Malgré l’excellent Henri Corbin, la culture persane et l’islam iranien sont aujourd’hui oubliés, parfois rejetés. Ardavan Amir-Aslani, qui enseigne la géopolitique du Moyen-Orient à l’Ecole de guerre économique rend compte dans cet ouvrage passionnant de l’héritage perse et du rayonnement d’une civilisation dont nous avons tout autant besoin aujourd’hui que par le passé, malgré la période sombre que nous traversons.
Ardavan Amir-Aslani nous conduit dans la complexité et la richesse paradoxale de la pensée persane qui influe sur de nombreux domaines : philosophie, métaphysique, art, spiritualité…
« Ce qui fait le génie iranien, nous dit-il, c’est qu’il a rayonné bien au-delà de ses frontières. (…)
L’iranité est trop vaste pour la borner aux frontières actuelles de l’Iran. On ne peut pas la limiter à un peuple et un territoire uniques : l’Iran est une terre centrale qui sépare les mondes, une terre de jonction entre le monde méditerranéen et asiatique, qui relie l’Europe à l’Inde et à la Chine. »
La vaste culture persane se heurte à la dépréciation par les autres musulmans, en particulier Arabes. Ce positionnement hostile est un facteur déterminant pour comprendre les conflits actuels. Ignorer l’héritage persan c’est hypothéquer l’avenir de la région.
Le berceau de la civilisation perse pourrait être en Bactriane ou en Sogdiane. L’observation des langues permet d’identifier les peuples issus de cette matrice qui donna naissance à trois branches, l’une nordique, quasi-disparue, une deuxième occidentale, la plus répandue avec le farsi, le persan et peut-être le kurde et le balouchte, et une troisième dite orientale avec le sogdien, le patchoune, le dari. Ardavan Amir-Aslani remarque que le persan d’aujourd’hui est le même qu’il y a mille ans. L’influence culturelle de l’Iran est vaste, de la Turquie à l’Inde. Ceci se remarque notamment par la célébration du Nouvel An iranien, Norouz, dans quatorze pays autres que l’Iran dont la Turquie, la Géorgie, l’Afghanistan, le Pakistan, l’Inde, la Chine…
Ardavan Amir-Aslani déploie pour le lecteur le panorama de l’histoire perse jusqu’à l’invasion arabe et après celle-ci. La Perse connut un nouvel âge d’or deux siècles après cette invasion grâce à une résistance culturelle à l’arabisation. La langue persane resurgit et avec elle la production de chefs d’œuvres littéraires exemplaires. La culture perse va également irriguer la culture arabe.

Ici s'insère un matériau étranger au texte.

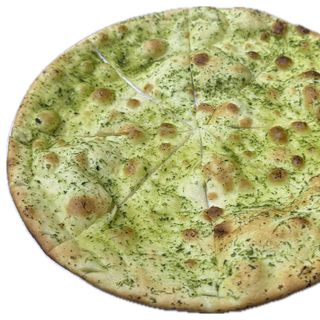 Чесночная лепешка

Ardavan Amir-Aslani présente avec clarté la problématique entre sunnites et chiites. Les Arabes apportèrent le chiisme à l’Iran. Si les chiites, dont les soufis et les ismaéliens, sont largement minoritaires, leur importance est considérable dans le jeu politique. L’islam iranien, continuateur de la pensée persane, si profond et en perpétuel évolution, s’oppose à un sunnisme figé depuis des siècles. Nous avons une religion d’amour d’un côté, le chiisme et une religion de la loi de l’autre, le sunnisme.
Enfin, Ardavan Amir-Aslani nous intéresse à la trace zoroastrienne jusqu’à nos jours. On trouve au sein du chiisme des références zoroastriennes. Le soufisme a intégré des éléments de mystique iranienne. Le soufisme trouva sa place dans les régions où des siècles auparavant s’était installé le zoroastrisme, notamment en Bactriane et en Sogdiane. Sohrawardî (1155-1191) opéra une véritable résurrection de la sagesse zoroastrienne.
L’auteur, en nous introduisant à la beauté d’une culture que nous n’abordons le plus souvent qu’à travers le prisme de préjugés tenaces, en redonnant à la Perse et à l’Iran la place qui est la leur dans l’histoire, appelle aussi à une révision des politiques liberticides et toxiques de l’Occident envers l’Iran et, plus largement, au Moyen-Orient. C’est en prenant appui sur cet héritage culturel persan considérable qu’un nouveau modèle peut surgir, porteur d’espoirs.